Au cours des quatorze dernières années, la dette publique de l’Afrique a augmenté d’environ 160%. Face aux besoins colossaux de financements pour le développement du continent, les dirigeants africains entendent plaider pour l’annulation de cette dette. Objectif : financer les projets structurants au moment où l’argent se fait rare sur les marchés en proie aux tensions internationales.
Il est désormais question d’« une intervention urgente » pour briser le cercle vicieux de la dette africaine, selon Patrick Ndzana Olomo – directeur du développement économique, de l’intégration et du commerce de la Commission de l’Union africaine (UA) – en marge de la première conférence de l’UA africaine sur la dette publique qui s’est tenue la semaine dernière à Lomé. « La dette publique africaine s’est fortement accrue au cours de ces dernières décennies. […] Environ deux tiers des ressources sont consacrés au paiement des intérêts de la dette.
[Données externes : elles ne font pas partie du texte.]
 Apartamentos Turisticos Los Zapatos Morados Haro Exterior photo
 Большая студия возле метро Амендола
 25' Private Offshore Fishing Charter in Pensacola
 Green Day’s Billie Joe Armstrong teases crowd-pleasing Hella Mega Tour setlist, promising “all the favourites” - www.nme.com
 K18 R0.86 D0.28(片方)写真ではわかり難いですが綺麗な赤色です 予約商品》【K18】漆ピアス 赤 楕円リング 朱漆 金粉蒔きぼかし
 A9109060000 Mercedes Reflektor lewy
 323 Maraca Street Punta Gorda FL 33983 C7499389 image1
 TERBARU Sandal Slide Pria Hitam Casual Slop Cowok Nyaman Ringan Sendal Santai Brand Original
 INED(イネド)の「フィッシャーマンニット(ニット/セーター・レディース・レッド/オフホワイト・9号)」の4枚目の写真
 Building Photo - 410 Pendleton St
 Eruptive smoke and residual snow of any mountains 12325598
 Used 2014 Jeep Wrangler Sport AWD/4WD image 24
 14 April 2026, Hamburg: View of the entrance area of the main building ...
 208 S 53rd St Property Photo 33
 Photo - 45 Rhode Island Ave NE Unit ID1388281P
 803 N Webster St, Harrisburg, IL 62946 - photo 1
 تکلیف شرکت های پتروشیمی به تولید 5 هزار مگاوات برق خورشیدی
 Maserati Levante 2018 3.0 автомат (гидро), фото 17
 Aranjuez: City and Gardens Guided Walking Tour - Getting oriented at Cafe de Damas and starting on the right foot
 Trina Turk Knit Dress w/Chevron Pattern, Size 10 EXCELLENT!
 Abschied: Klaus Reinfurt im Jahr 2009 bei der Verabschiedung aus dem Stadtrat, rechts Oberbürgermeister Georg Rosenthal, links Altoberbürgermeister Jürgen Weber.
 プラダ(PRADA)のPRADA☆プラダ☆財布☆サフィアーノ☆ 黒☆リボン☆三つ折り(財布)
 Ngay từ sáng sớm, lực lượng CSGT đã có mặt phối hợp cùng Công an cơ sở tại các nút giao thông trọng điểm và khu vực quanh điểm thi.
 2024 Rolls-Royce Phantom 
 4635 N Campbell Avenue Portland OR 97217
De ce point de vue, on ne peut plus financer de manière aisée les projets structurants dans l’éducation, la santé et dans les autres domaines tels que les infrastructures qui sont un facteur important pour accélérer la croissance et permettre à l’Afrique de se développer », a expliqué le dirigeant.
Une dette hausse de 160% en 14 ans
Si elle était en effet de 112 milliards de dollars en 1980, trente ans plus tard – en 2010 – la dette publique du continent est passée à 436 milliards de dollars, pour exploser à environ 1130 milliards de dollars en 2024. Ainsi en quatorze ans, la dette publique africaine a augmenté de d’environ 160%. Les ambitions de développement se sont souvent heurtées aux réalités internationales, souvent faites de crises -tant sur le plan financier, que conjoncturel, sanitaire ou même sécuritaire et commercial. Alors que les besoins de financement du développement sont colossaux, tous ces défis – qui nécessitent souvent des réponses urgentes et occasionnent une raréfaction des financements à l’international – accentuent les challenges du continent. Cette année uniquement, les pays doivent mobiliser près de 100 milliards de dollars pour le service de la dette.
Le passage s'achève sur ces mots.